Lower accuracy for a simple model trained by DL4J than Keras

I implemented a simple model in both DL4J and Keras. This is a model with one dense layer with relu, and another dense output layer with softmax. Everything is exactly the same, hyper parameters (batch size, epoch, early stopping, learning rate, etc.). Dataset is also the same.

However, I got about 61% accuracy in DL4J, but 63% accuracy in Keras. Is this normal, and is there anyway to fix it? Also I tried a more complex model, the difference gets bigger (76% in DL4J and 83% in Keras). So I guess as the model becomes more complex, the gap builds up. And model trained by DL4J becomes worse than Keras. Is there a way to fix it?


@XJ8 we’d need to reproduce your issue to know. Whether you’re aware, dl4j is capable of importing keras models. We have hundreds of tests covering this. Same for tensorflow.

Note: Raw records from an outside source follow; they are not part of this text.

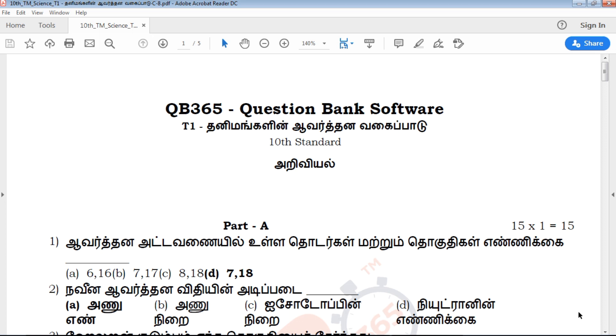This is the 10th Standard. In this particular review, we will talk about the questions — what are the creative questions: 1 mark, 2 marks, and 5 marks.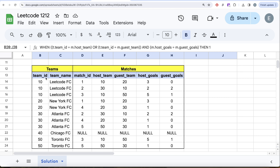We use a CASE WHEN statement: if the team is the host team and host_goals > guest_goals, they get 3 points. If the team is the guest team and guest_goals > host_goals, they also get 3 points. If host_goals = guest_goals it's a draw and they get 1 point. In all other cases — losing as host, losing as guest, or not playing any match like Chicago FC — they get 0 points.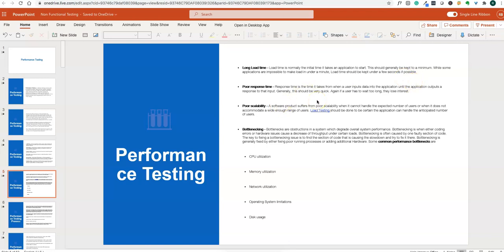Response time is the time from when a user inputs data into an application until the application outputs a response. For example, when submitting a login form or any form — clicking submit and measuring how long it takes to get a response. That is the response time.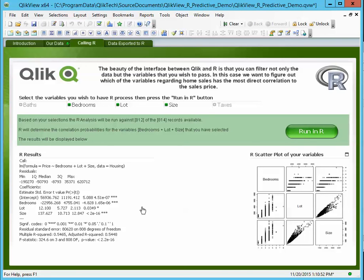QlikView makes that a much easier proposition. The beauty here is you get the advantages that R brings — you get to find out what the correlations are between things — but you get to do it with a tool that will do the heavy lifting for you.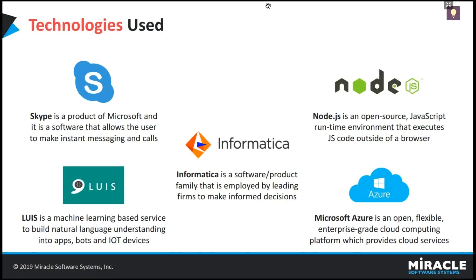And Microsoft Azure is an open, flexible cloud computing platform. By using Azure app service, we can run the bot globally and access the data from anywhere. Finally, Informatica. It's mainly used for extraction, transformation and loading the data and building enterprise data warehouse. Within Informatica MDM, we can manage all the data.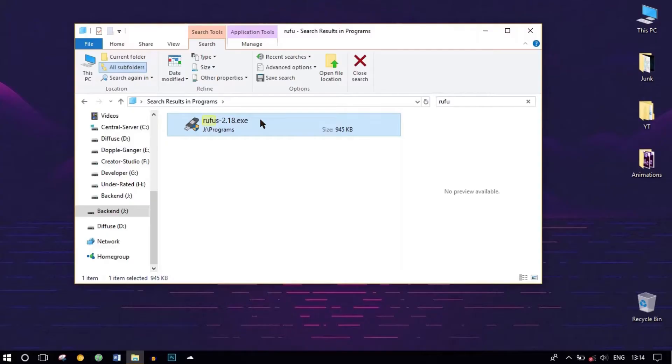Without any further ado, let's get started. Before moving on, download Rufus for creating a bootable USB and download the ISO file for the Windows April Update — links will be down in the description. First, launch Rufus.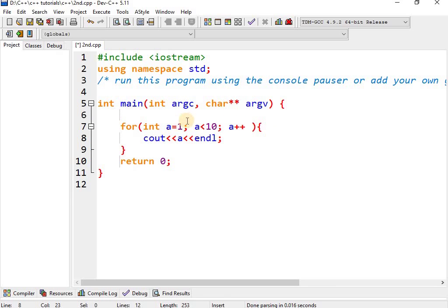A++ adds one to the value: one, then two, then three, and so on. It means add one to the previous value each time. Let's execute our code.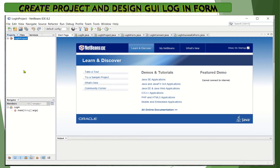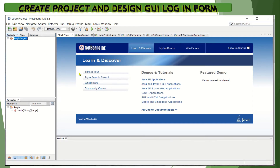Before we start, may I remind you that the steps depend on the version of the IDE and DBMS you are using. In this lecture, we will use NetBeans 8.2 and Java DB, an embedded database in NetBeans.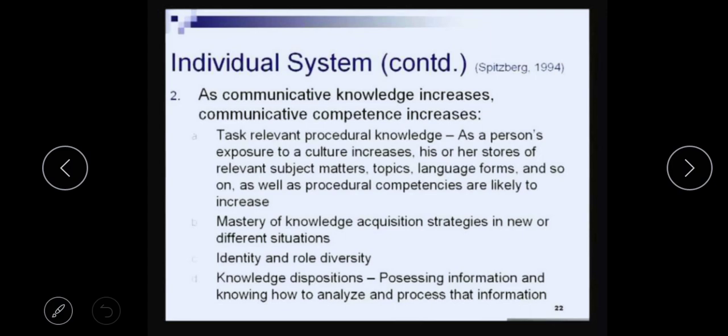The next thing is communicative knowledge. As communicative knowledge increases, communicative competence increases. The things that affect communicative knowledge are task-relevant procedural knowledge. As a person's exposure to culture increases, his or her stores of relevant subject matters, topics, language, forms, and procedural competences are likely to increase.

I doubt the difference is from invalid computations. Chances are it’s a subtle difference in the way you’re setting the problem up.

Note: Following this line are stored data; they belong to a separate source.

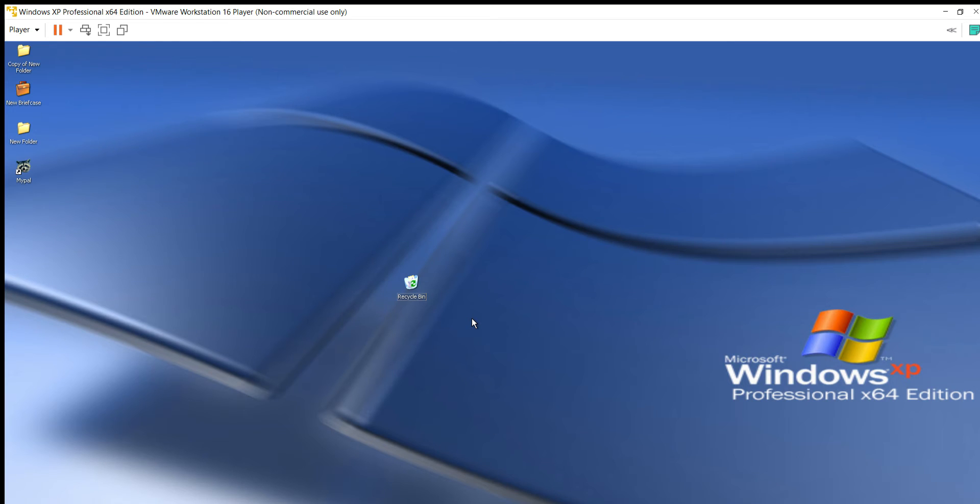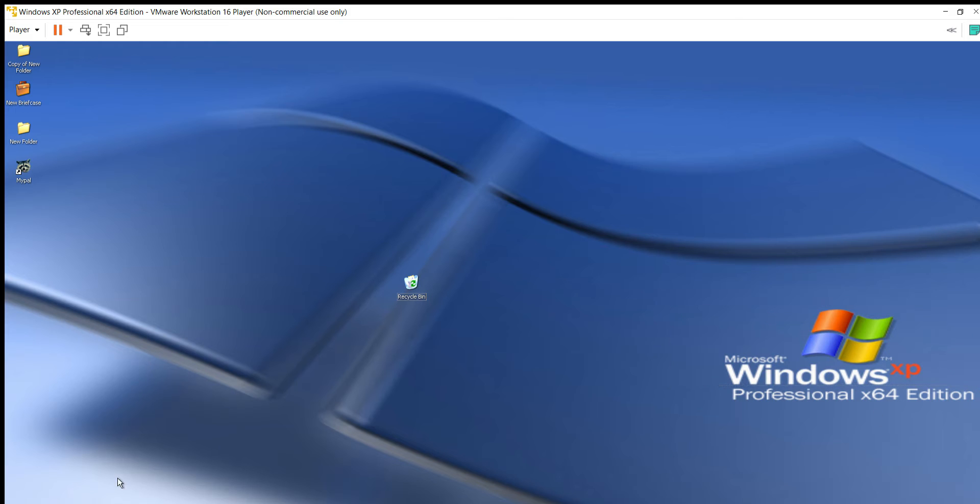Hey guys, today I'll be showing you how to browse the modern web on Windows XP Microsoft, any version. It doesn't matter, I just have 64-bit loaded here.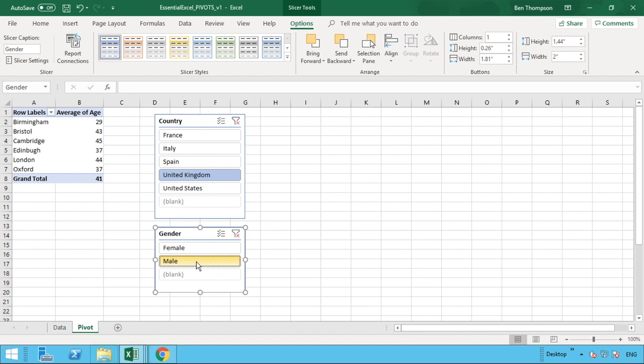Obviously, if you had a lot more fields and columns in your data set, then having multiple slicers can help you when you're interrogating and trying to step through the data and work out any conclusions or outcomes that you have.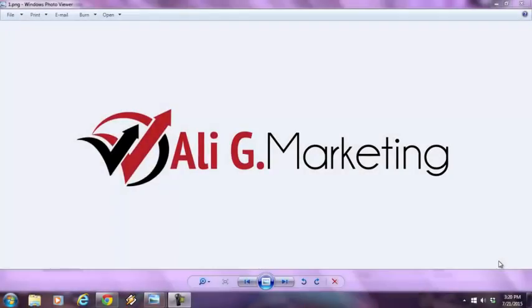Hey everyone, it's Ali here with Ali G. Marketing Company Live from New York City with an outstanding new software solution that's built on Adobe Air.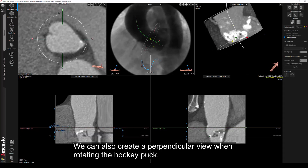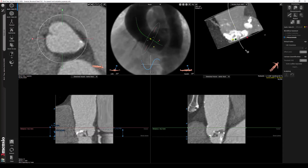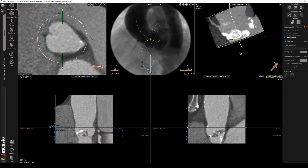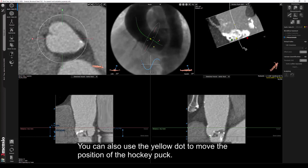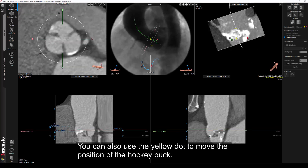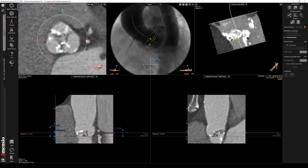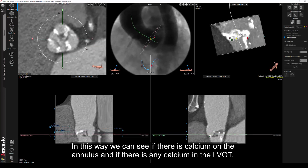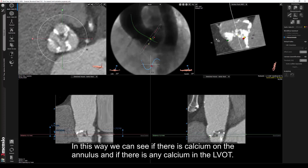We can also create a perpendicular view when rotating the hockey puck. You can also use the yellow dot to move the position of the hockey puck. In this way, we can see if there is calcium on the annulus and if there is any calcium in the left ventricular outflow tract.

A common problem people run in to is they run a toy problem of something small like 5 examples and have reduced accuracy on that toy example rahte rthan running a normal benchmark like mnist.
If you’re running a similar problem, then make sure to set minibatch to false in your configuration.

Beyond that, you can’t expect us to know what the difference or problem might be unless you give us the same code you are running to see for ourselves.

@agibsonccc Thank you very much, Adam.

I will use DL4J for on-device training. This is a sanity check to make sure the model trained with DL4J will have the same performance.

If you have time, please take a look at my code, and dataset. The dataset is imbalanced, but in decent size.

Thanks again.

@XJ8 I’ll have to let this run for a bit. I changed the script to use keras import as well as loading the numpy arrays directly saved from the numpy file to reduce interop issues. I’ll compare the results tomorrow.

@XJ8 I reproduced this but found it should just be numerical precision.
Please set:


before training. Nd4j’s default data type is float. Tensorflow’s is double.

I got keras and dl4j to within 0.03 of each other before earlystopping converges.
That should be the source of your problem.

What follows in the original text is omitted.